Friday, July 1, 2011

It's fair to be conscious of the 1st of July



The conduct of one's seeing, from the exercise of our capacity, to the character of our assimilation of information, to our consolidation and critique of opinion, has recurringly surfaced here as a matter of 'customs in common' as well as of personal ethics. The very comprehension that seeing is conduct is, we think, one of the earliest discoveries an incongruous personality will make in life; but that does not make it uncommendable.


The month of July is pivotal, of course, in the Julian calendar, and presumably everyone is cognisant of July's climax of one almost metabolic adjustment, commencing another. By coincidence, July also figures in the rapport of this page with the friend we refer to in the first person. 


Equidistantly removed from July's diurnal ex-tremes, are two dates which present watersheds internal to the page: the birth of the father of that friend, and the introduction of Laurent. Unportentously, these coincidences naturally invigorate a discussion of seeing which we are grateful to have shared, from our incongruous quadrant, with others acknowledged as Context, especially a tireless Little Augury.


It's fair to be conscious of the first day of July. A father writes in from Australia, to say he has a son who reads this page. A lady from Stinson Beach shares mementoes of her family, and a mother from the Peninsula has the charity to thank our praise of her children.

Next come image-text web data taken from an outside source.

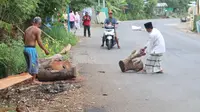 Warga Mantrianom, Banjarnegara memasang barikade dan menolak pembukaan portal jalan ke tambang pasir putih. (Foto: Liputan6.com/Humas Pemkab Banjarnegara)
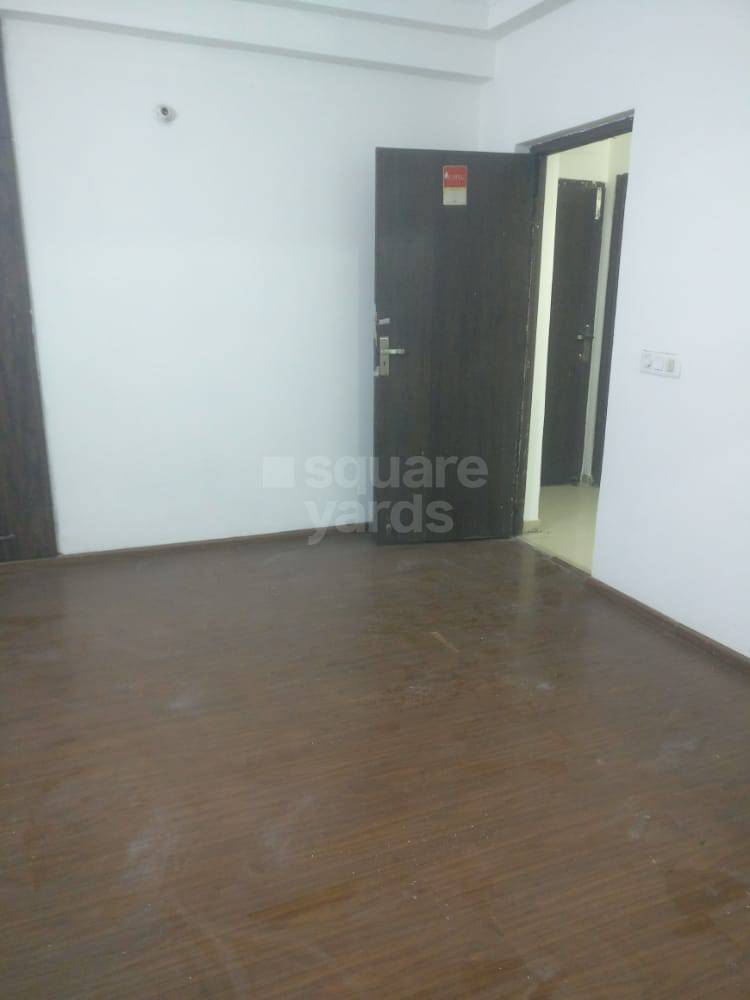 Resale 3 Bedroom 1588 Sq.Ft. Builder Floor in Defence Enclave Noida, Sector 44 Noida 4141527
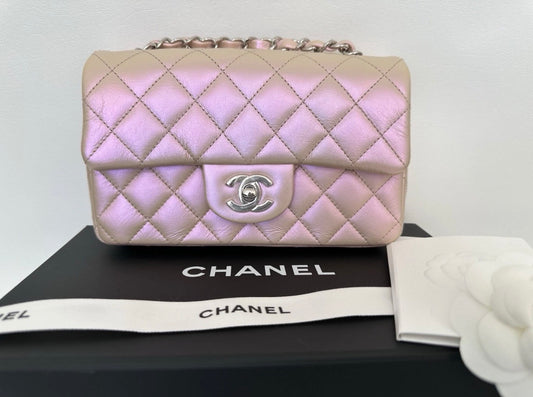 2021K CHANEL IRIDESCENT ROSE PINK MINI CLASSIC FLAP BAG SILVER HW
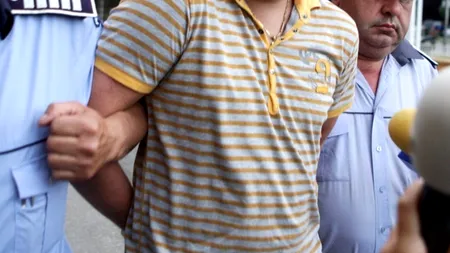 Doi slovaci au încercat să înșele un pensionar bucureștean. Suma promisă era 10.000 de dolari. Polițiștii i-au prins în scara blocului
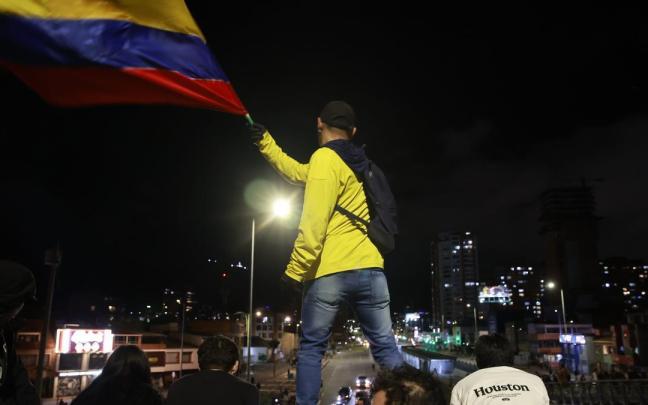 Un hombre ondea una bandera de Colombia en una manifestación en Bogotá.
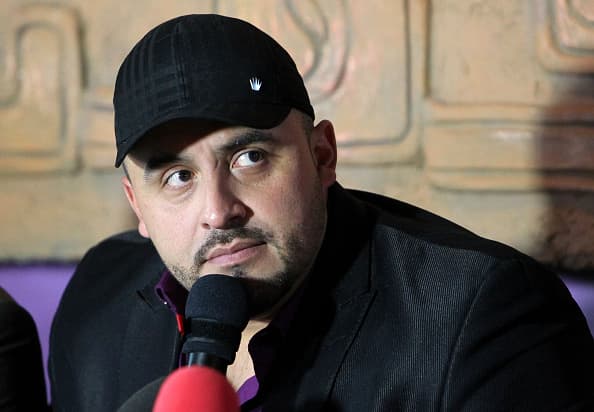 Tras varios meses de darle vuelta al asunto y no ser muy claros sobre este tema, Juan Rivera rompió el silencio y reveló qué sucedió entre ellos. 
<br>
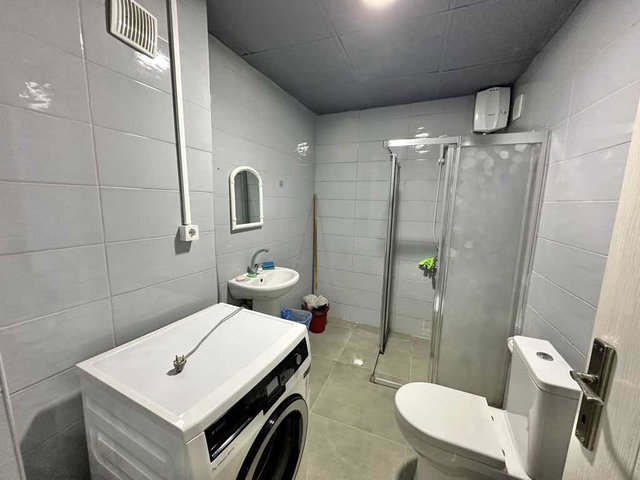 RE/MAX DREAM İZMİT M.ALİPAŞADA TRAMVAYA YAKIN  AYRI MUTFAKLI EŞYALI 1+1 KIRALIK DAIRE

How do these people see, we wonder? We admire gentillesse even before we feel it; and often we invoke the act of seeing, without saying so.




Possibly this has not been plain enough, but it is better for a picture's pertinence to be felt. We know ennui with our pictures alleges a lack of enigma, by which is meant the gesture of asking the reader to see what he wants. But we are about exerting sight; and the moment of July's arrival reminds us, as this portrait vigorously portrays, that seeing, while rewarding and obligatory, is always contingent, subject to myriad variables. He sees half on tiptoe in bare feet in a street made of dirt. Yet we feel the immense moment of this conduct and are invested in its outcome. The picture's whole structure is a paean, to conduct which becomes him.